# Photoshop CS with D50 RAW?



## selmerdave (Mar 7, 2010)

Can anyone tell me if there is any available plugin that will allow CS to read RAW files from a Nikon D50 or do I need to re-shoot?

Dave


----------



## Dwig (Mar 8, 2010)

You should confirm that you have the latest Camera RAW (ACR) plugin that is compatible with PS/CS. The last PS/CS compatible version of ACR is v2.4.

If your PS/CS still can't read the D50's NEF files with ACR v2.4 you still have the option of downloading Adobe's "DNG Converter". Download the very newest (currently v5.6). The DNG Converter will convert the Nikon camera specific NEF RAW files into Adobe's "universal" RAW flavor, DNG. Your PS/CS will be able to process the DNGs without any problem provided its ACR plugin is v2.2 though v2.4. The ACR plugin that initially installs with PS/CS is too old to support DNG.


----------



## Big Mike (Mar 8, 2010)

You can also use the Nikon software that comes with the camera, to convert the RAW files to TIFF/JPEG etc. and then further edit them in PS CS.


----------



## selmerdave (Mar 8, 2010)

Dwig said:


> You should confirm that you have the latest Camera RAW (ACR) plugin that is compatible with PS/CS. The last PS/CS compatible version of ACR is v2.4.
> 
> If your PS/CS still can't read the D50's NEF files with ACR v2.4 you still have the option of downloading Adobe's "DNG Converter". Download the very newest (currently v5.6). The DNG Converter will convert the Nikon camera specific NEF RAW files into Adobe's "universal" RAW flavor, DNG. Your PS/CS will be able to process the DNGs without any problem provided its ACR plugin is v2.2 though v2.4. The ACR plugin that initially installs with PS/CS is too old to support DNG.

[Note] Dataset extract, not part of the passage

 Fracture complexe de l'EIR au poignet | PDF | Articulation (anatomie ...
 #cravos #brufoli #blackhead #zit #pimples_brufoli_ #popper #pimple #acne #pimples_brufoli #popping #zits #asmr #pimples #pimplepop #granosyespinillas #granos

Thank you! That did the trick.  It was a borrowed camera so I didn't have any camera software.  Thanks again.

Dave


----------



## maxcreigs (Mar 9, 2010)

Photoshop CS does not support D50 RAW files So, the solution is either Buy the upgrade to CS3 or Download Adobe's DNG converter which will convert the RAW files to DNG which CS, CS2, and CS3 will read.


----------